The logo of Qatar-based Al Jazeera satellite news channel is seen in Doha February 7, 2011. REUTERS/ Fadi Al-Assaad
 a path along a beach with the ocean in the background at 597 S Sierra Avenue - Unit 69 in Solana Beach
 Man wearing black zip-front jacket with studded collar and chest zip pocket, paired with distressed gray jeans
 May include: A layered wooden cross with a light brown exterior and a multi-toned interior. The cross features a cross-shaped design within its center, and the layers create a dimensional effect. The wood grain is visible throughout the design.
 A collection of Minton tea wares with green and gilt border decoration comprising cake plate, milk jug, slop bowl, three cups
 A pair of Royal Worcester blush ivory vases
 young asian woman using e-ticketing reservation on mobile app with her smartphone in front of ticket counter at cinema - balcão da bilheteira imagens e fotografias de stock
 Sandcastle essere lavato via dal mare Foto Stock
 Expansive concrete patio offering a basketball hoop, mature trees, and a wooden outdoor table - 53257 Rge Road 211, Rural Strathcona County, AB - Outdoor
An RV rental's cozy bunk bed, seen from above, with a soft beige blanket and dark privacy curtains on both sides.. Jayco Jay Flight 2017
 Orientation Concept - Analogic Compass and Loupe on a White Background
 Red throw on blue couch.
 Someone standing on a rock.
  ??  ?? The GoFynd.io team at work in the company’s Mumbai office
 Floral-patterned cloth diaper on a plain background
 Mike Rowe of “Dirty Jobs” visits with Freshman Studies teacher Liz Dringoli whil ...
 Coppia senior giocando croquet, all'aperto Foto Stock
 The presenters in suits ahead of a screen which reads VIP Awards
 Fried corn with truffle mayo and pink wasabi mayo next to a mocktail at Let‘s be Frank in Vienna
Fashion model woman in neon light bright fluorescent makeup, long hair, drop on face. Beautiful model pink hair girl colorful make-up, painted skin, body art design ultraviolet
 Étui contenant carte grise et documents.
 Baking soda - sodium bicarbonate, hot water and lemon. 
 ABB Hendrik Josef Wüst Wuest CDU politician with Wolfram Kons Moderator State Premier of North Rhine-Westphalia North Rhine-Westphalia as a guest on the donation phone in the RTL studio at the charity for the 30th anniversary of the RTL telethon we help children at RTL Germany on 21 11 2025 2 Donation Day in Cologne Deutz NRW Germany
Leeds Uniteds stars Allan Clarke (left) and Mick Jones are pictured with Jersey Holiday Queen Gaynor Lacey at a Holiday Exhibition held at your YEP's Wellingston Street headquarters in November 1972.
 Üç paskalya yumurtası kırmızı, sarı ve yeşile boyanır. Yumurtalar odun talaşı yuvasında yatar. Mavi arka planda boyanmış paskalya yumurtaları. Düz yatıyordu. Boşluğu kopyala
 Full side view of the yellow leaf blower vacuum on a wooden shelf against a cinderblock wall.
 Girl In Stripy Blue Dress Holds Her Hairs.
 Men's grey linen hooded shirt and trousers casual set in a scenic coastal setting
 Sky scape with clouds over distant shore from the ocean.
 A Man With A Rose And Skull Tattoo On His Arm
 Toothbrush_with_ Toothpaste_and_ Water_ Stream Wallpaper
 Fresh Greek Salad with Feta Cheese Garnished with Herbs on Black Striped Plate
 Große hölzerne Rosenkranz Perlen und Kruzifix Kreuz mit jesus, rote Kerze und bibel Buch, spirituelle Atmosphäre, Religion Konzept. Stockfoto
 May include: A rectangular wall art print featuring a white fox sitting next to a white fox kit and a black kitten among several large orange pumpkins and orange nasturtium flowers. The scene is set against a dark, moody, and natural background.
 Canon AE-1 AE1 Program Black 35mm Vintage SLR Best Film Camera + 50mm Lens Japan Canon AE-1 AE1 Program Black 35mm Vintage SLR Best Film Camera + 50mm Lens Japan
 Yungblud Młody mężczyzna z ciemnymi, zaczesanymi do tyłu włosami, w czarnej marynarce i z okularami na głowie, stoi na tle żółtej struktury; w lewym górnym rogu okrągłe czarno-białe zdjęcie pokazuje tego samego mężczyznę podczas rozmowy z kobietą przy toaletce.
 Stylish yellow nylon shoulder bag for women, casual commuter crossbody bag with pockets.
== == ==
* Exercise description:
Among the records above, repeat exactly the line with "A pair of Royal Worcester blush ivory vases", the line with "Floral-patterned cloth diaper", and every line in between, and only those.

* Solution to this problem:
 A pair of Royal Worcester blush ivory vases
 young asian woman using e-ticketing reservation on mobile app with her smartphone in front of ticket counter at cinema - balcão da bilheteira imagens e fotografias de stock
 Sandcastle essere lavato via dal mare Foto Stock
 Expansive concrete patio offering a basketball hoop, mature trees, and a wooden outdoor table - 53257 Rge Road 211, Rural Strathcona County, AB - Outdoor
An RV rental's cozy bunk bed, seen from above, with a soft beige blanket and dark privacy curtains on both sides.. Jayco Jay Flight 2017
 Orientation Concept - Analogic Compass and Loupe on a White Background
 Red throw on blue couch.
 Someone standing on a rock.
  ??  ?? The GoFynd.io team at work in the company’s Mumbai office
 Floral-patterned cloth diaper on a plain background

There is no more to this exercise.